Las cifras y estadísticas sobre el número de visitantes nos dan una idea de la transformación que semejante acontecimiento produjo en aquella España y, sobre todo, en el españolito medio, que por primera vez cambiaba su quincena estival en Benidorm, Torrevieja o Torremolinos, para visitar una exposición. Sí, repito, una exposición.
La Expo recibió un total de 41,8 millones de visitas, de las cuales el 81% fueron nacionales y el 19% restante extranjeras. Esto nos da la medida de la mutación que se operó en el turismo patrio, que pasó, casi de la noche a la mañana, de la experiencia del veraneo a la experiencia del viaje. En otras palabras; del viaje de reposo al viaje cultural; de estar tirado en una hamaca a darse una paliza para visitar monumentos.

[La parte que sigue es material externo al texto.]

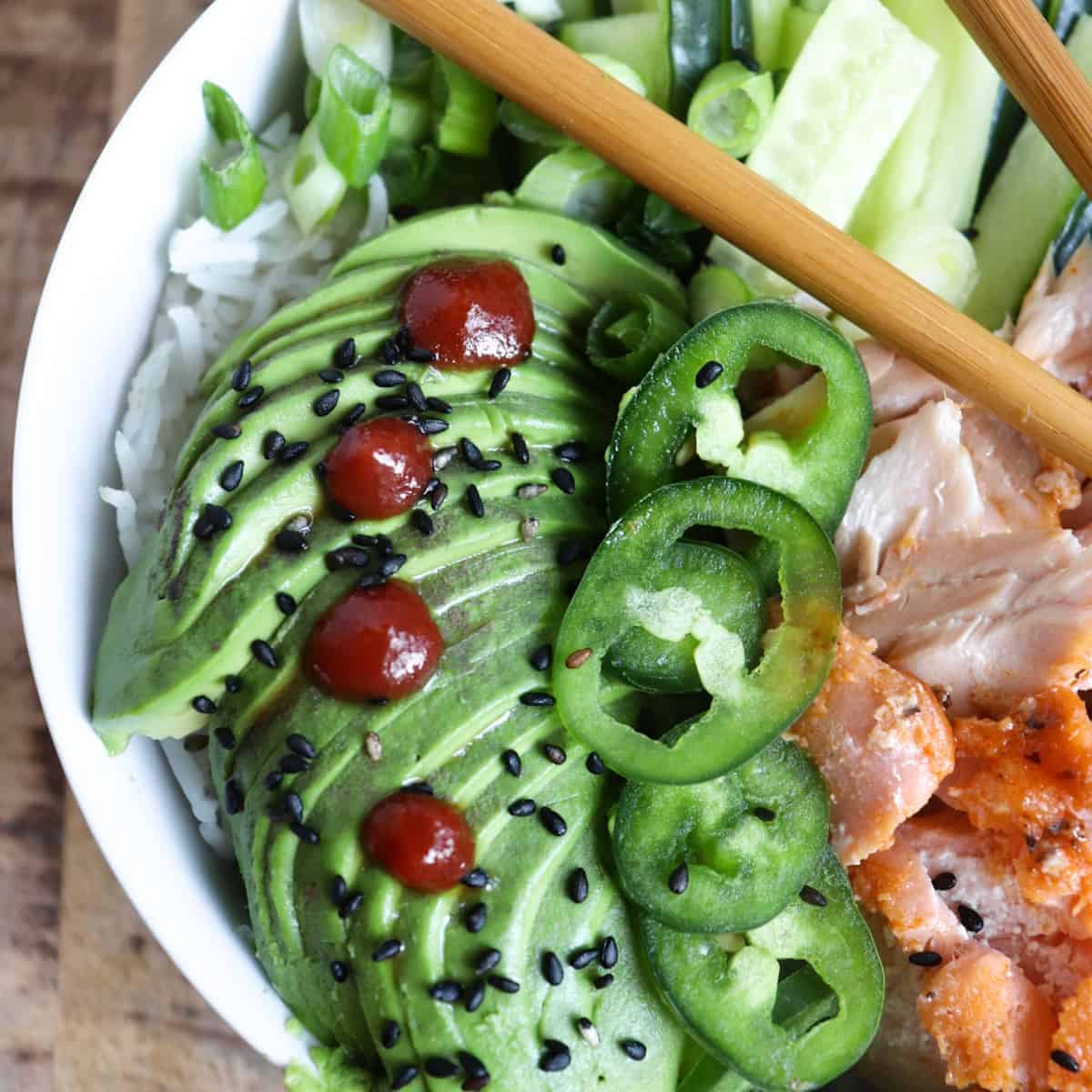 Cooked Salmon Poke Bowl - Season & Thyme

Por primera vez, la clase media española, con escasos recursos e ínfulas burguesas, con el polvo de los caminos aún pegado a la chaqueta de pana, se convertía en una masa turística cultural. En la Expo de Sevilla había muchísima gente, miles de personas al día, haciendo cola bajo el sol para culturizarse, para recabar información y conocimiento sobre otros países y otras culturas, sobre la historia y la etnografía, sobre los nuevos avances científicos y tecnológicos. Una práctica que caló en la sociedad de forma tan profunda que una década después las ciudades europeas estaban llenas de turistas españoles, que, tras muchos años recluidos entre los límites de sus fronteras, se movían por el mundo con total impunidad.
3. Forward
Tras la Expo 92, España no volvería a ser igual. La exposición había traído consigo una suerte de renacimiento que desembocó postreramente en una competición entre toda la clase media pequeño-burguesa. Un entusiasmo exacerbado por viajar, conocer y contar. España por fin se lo creía. La España de la bailarina y el torero sobre la tele quería saltar de golpe a los televisores de plasma, incluso antes de que existieran. España, cainita e hiperbólica, pero también creativa y talentosa, pretendía recuperar de repente las décadas perdidas entre el franquismo y la transición.

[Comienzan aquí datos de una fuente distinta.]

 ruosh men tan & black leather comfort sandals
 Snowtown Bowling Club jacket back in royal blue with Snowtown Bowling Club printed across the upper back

Pero este ricoprontismo, este crecimiento repentino y acelerado que no dejaba tiempo para la absorción y la maduración, para el correcto desarrollo social, tendría después sus consecuencias. Una especie de resaca que podemos observar hoy día en la política, el periodismo o la opinión pública, y que proviene en última instancia de un desarrollismo educativo que cojea: de acuerdo con el Informe Pisa, estamos lejos de los primeros puestos en lo que a rendimiento académico se refiere, y somos uno de los países donde menos se usan las tecnologías y dispositivos digitales. Además, según Save The Children, somos el cuarto país de la OCDE con la tasa más alta de alumnos repetidores. Por si esto fuera poco, solo dos universidades españolas se encuentran entre las doscientas mejores del mundo. Datos que sirven para demostrar que la cultura, a diferencia del ocio, hay que masticarla despacio para que no se indigeste.
En la actualidad, la isla de la Cartuja alberga un parque tecnológico, un parque de atracciones, y un montón de edificios institucionales. Algunos de los pabellones, los que quedaron en pie, resisten el paso de tiempo reconvertidos y reutilizados para otros fines, como el de la antigua Plaza del Futuro, que sobrevive aun cuando ya hemos dejado atrás el futuro que atisbábamos en 1992. Desde la aparición de internet el tiempo ha corrido más deprisa de lo que esperábamos, y aquel mundo venidero que se anticipaba en la Expo ha desaparecido como una estrella que se apaga en la inmensidad de un espacio al que ahora se envían más sondas que astronautas.